*** Opening Input records ***

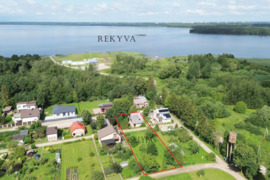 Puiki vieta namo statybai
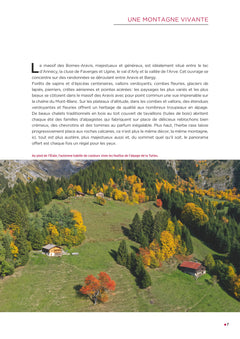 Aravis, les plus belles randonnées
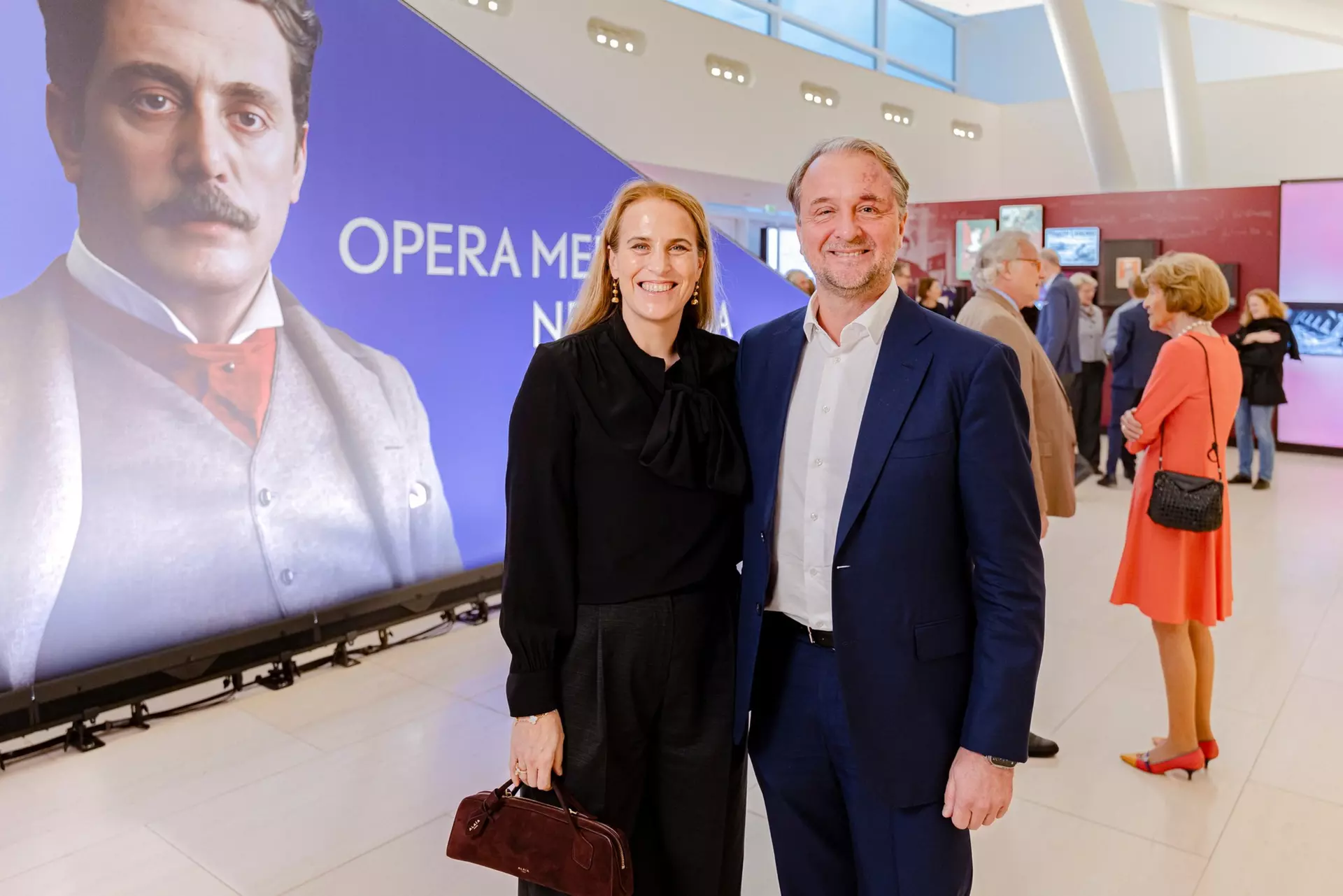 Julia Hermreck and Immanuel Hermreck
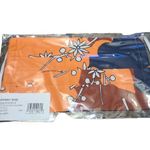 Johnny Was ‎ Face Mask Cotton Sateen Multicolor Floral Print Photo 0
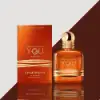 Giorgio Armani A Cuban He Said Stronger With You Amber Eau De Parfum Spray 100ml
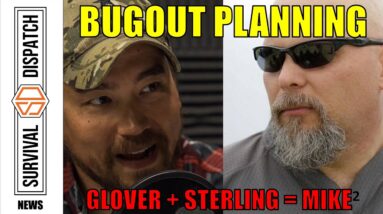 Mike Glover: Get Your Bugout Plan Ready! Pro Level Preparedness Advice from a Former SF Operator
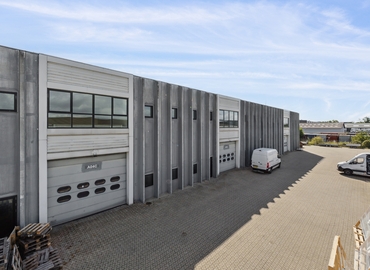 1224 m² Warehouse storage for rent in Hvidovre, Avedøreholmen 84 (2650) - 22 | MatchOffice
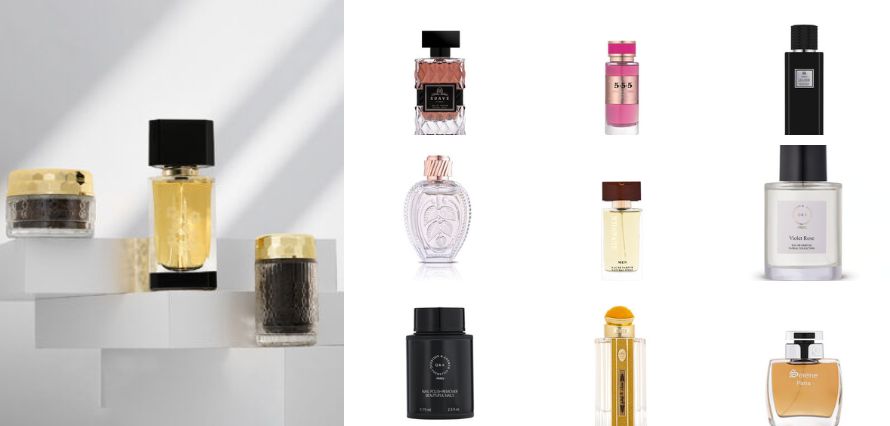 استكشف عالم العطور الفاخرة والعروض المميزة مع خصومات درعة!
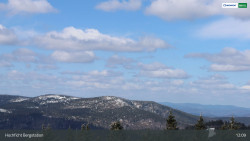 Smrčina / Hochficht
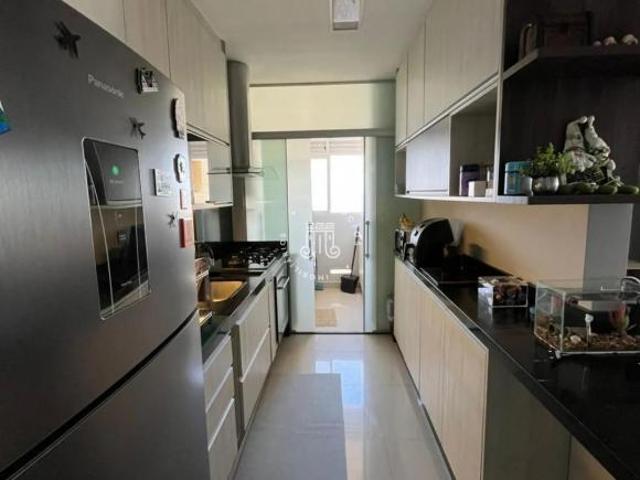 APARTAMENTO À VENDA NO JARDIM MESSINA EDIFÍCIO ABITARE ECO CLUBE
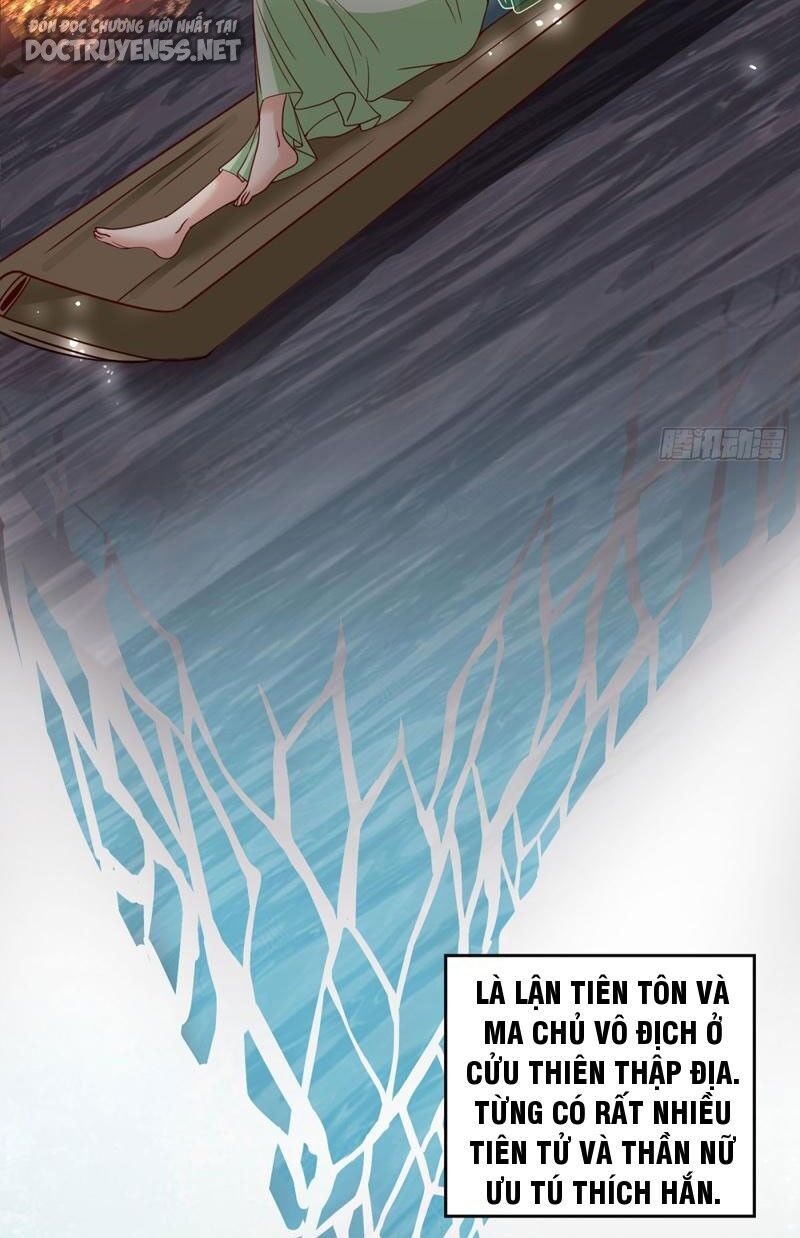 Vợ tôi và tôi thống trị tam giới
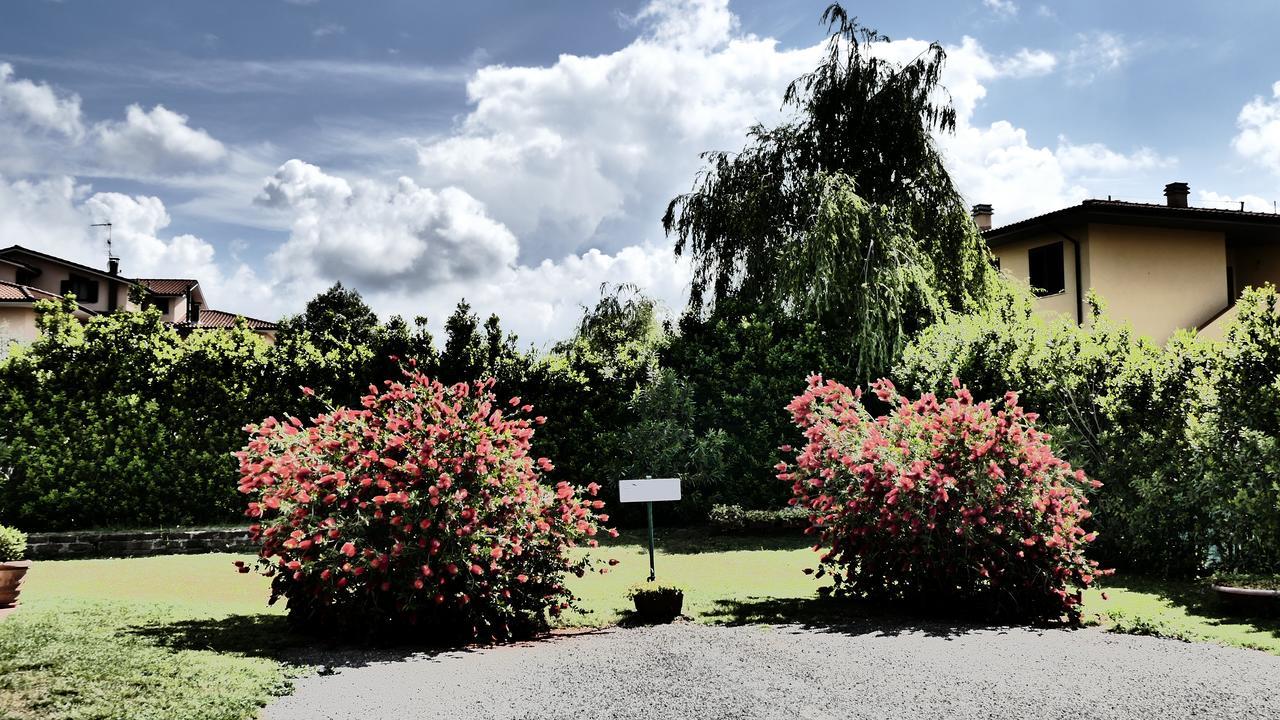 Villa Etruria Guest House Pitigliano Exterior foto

*** Closing Input records ***

__What is required__: Write out exactly, please, the lines that start at the one containing "Giorgio Armani A" and run through the final line of the entries, both included, leaving pictures out.

__Result for this task__:
 Giorgio Armani A Cuban He Said Stronger With You Amber Eau De Parfum Spray 100ml
 Mike Glover: Get Your Bugout Plan Ready! Pro Level Preparedness Advice from a Former SF Operator
 1224 m² Warehouse storage for rent in Hvidovre, Avedøreholmen 84 (2650) - 22 | MatchOffice
 استكشف عالم العطور الفاخرة والعروض المميزة مع خصومات درعة!
 Smrčina / Hochficht
 APARTAMENTO À VENDA NO JARDIM MESSINA EDIFÍCIO ABITARE ECO CLUBE
 Vợ tôi và tôi thống trị tam giới
 Villa Etruria Guest House Pitigliano Exterior foto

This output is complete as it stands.